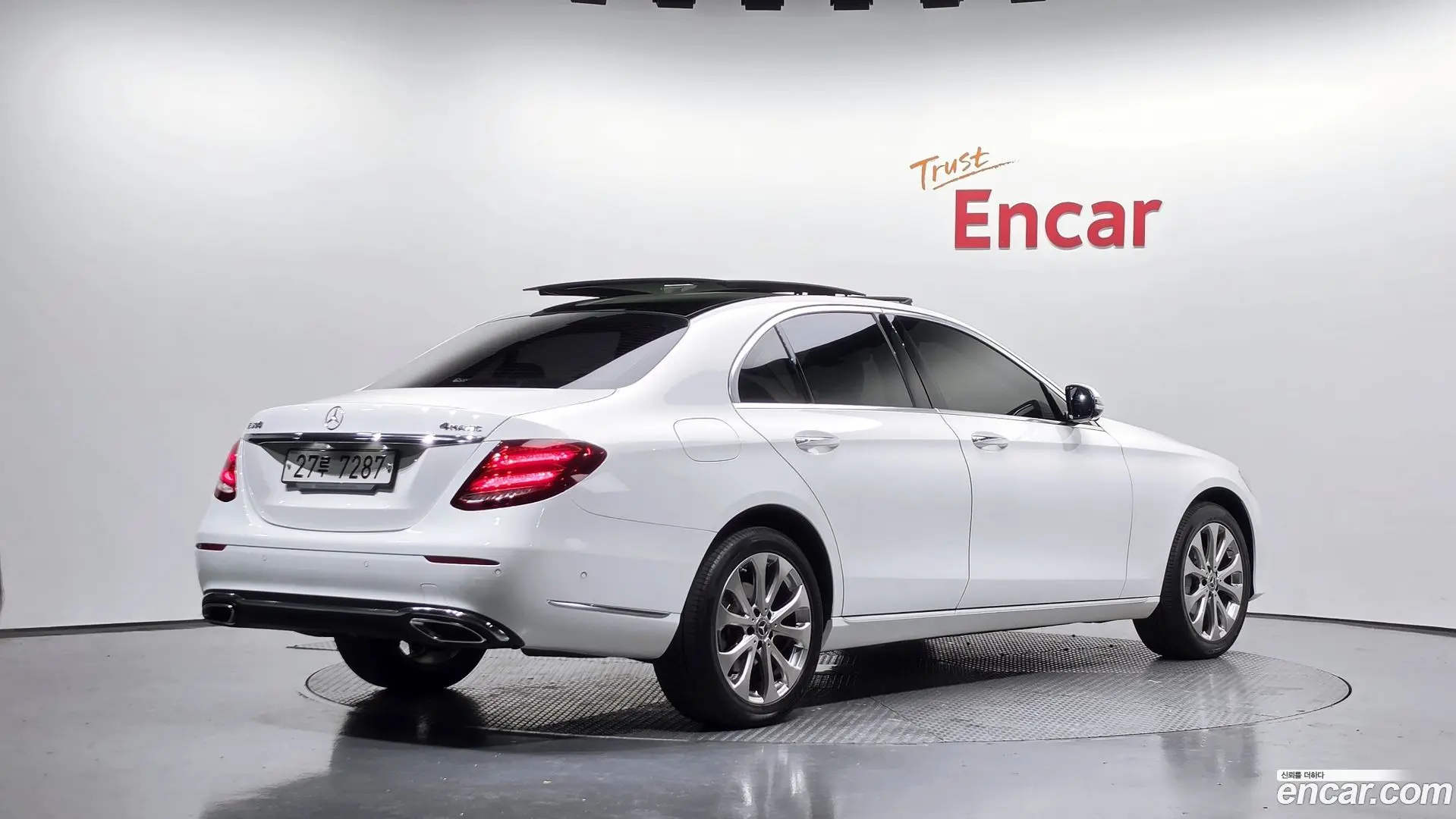 Main__Slider__Photo:E-Class Mercedes-Benz 2019.6-1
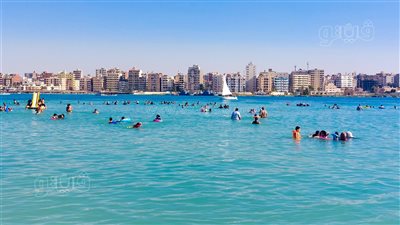تراجع الإقبال على شاطئ روميل في مطروح رغم شدة الحر (صور)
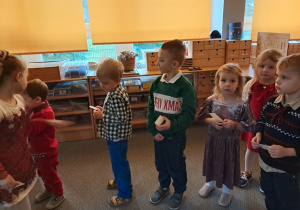 Dzieci podczas rozdawania opłatka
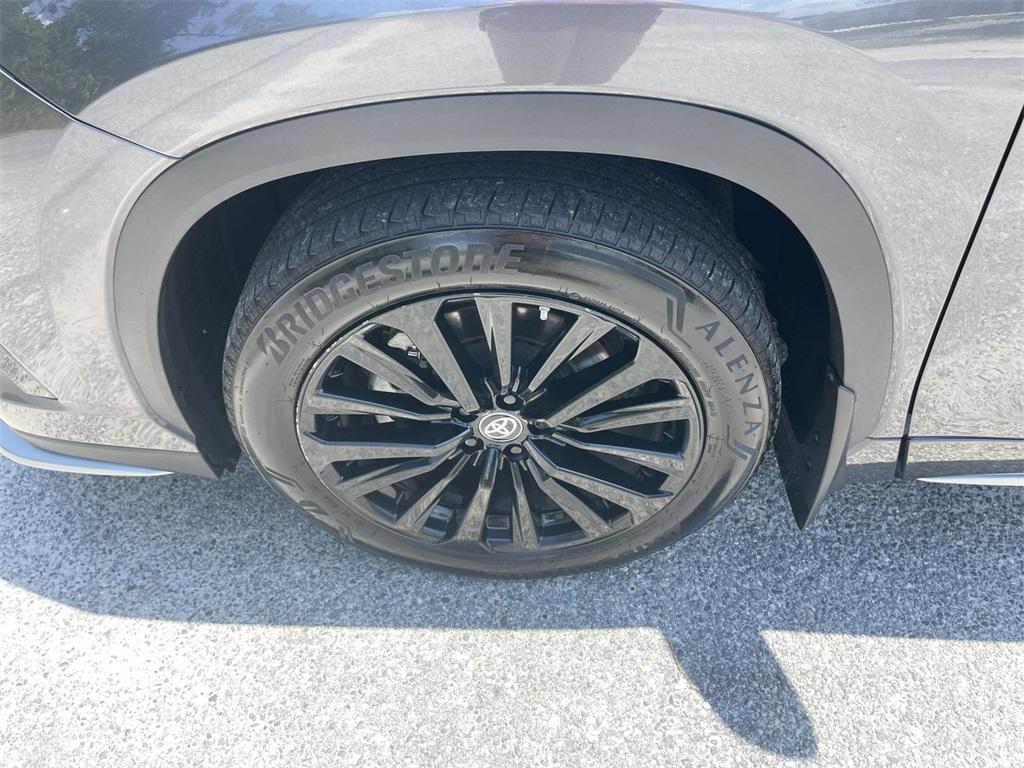 used 2024 Toyota Highlander car, priced at $37,580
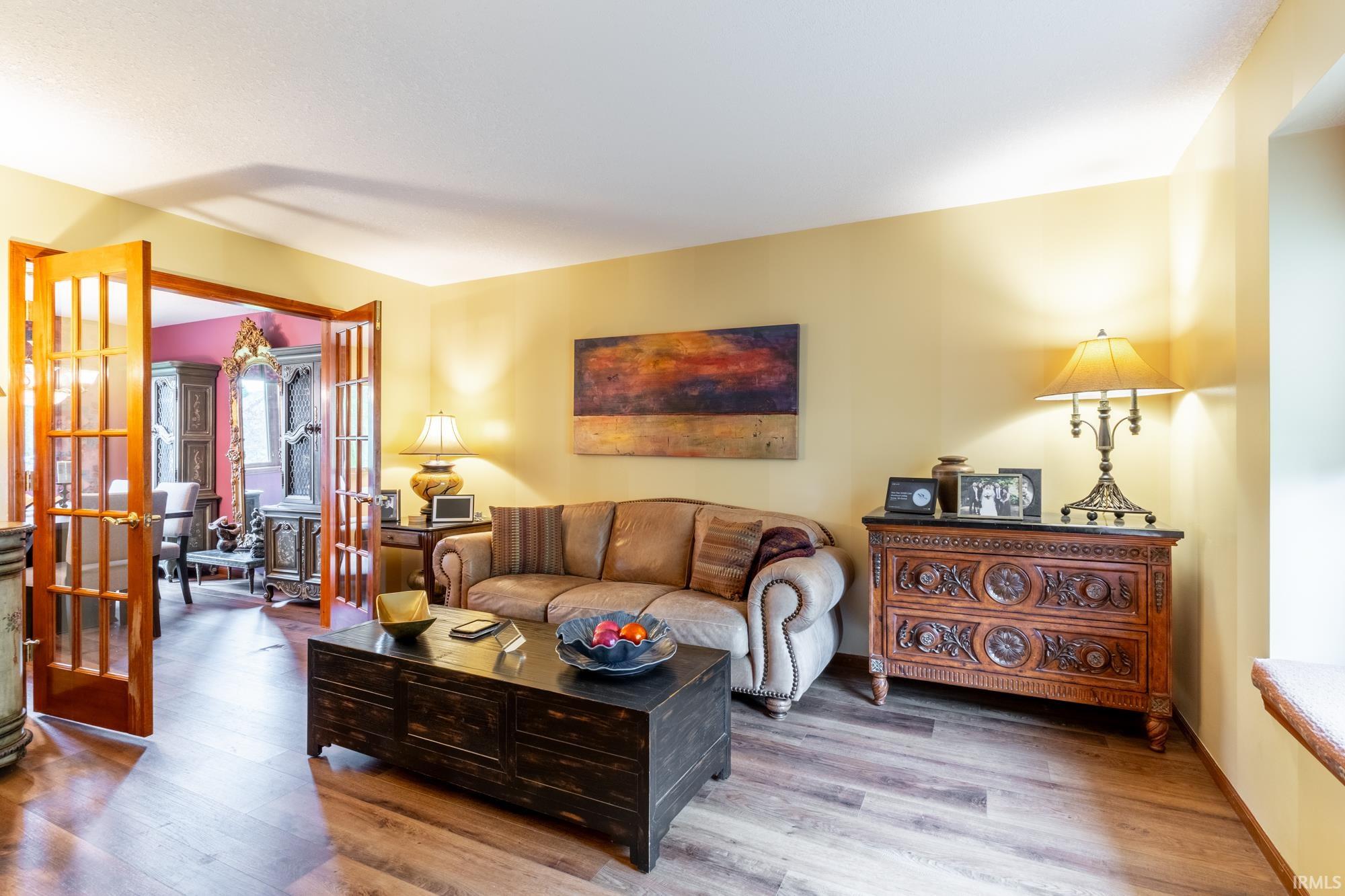 926 Deer Cliff Court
■ ■ ■ ■ ■
→ EXERCISE
Copy out the lines above in full and unaltered, apart from the pictures.

→ REPLY TO THE EXERCISE
 Main__Slider__Photo:E-Class Mercedes-Benz 2019.6-1
تراجع الإقبال على شاطئ روميل في مطروح رغم شدة الحر (صور)
 Dzieci podczas rozdawania opłatka
 used 2024 Toyota Highlander car, priced at $37,580
 926 Deer Cliff Court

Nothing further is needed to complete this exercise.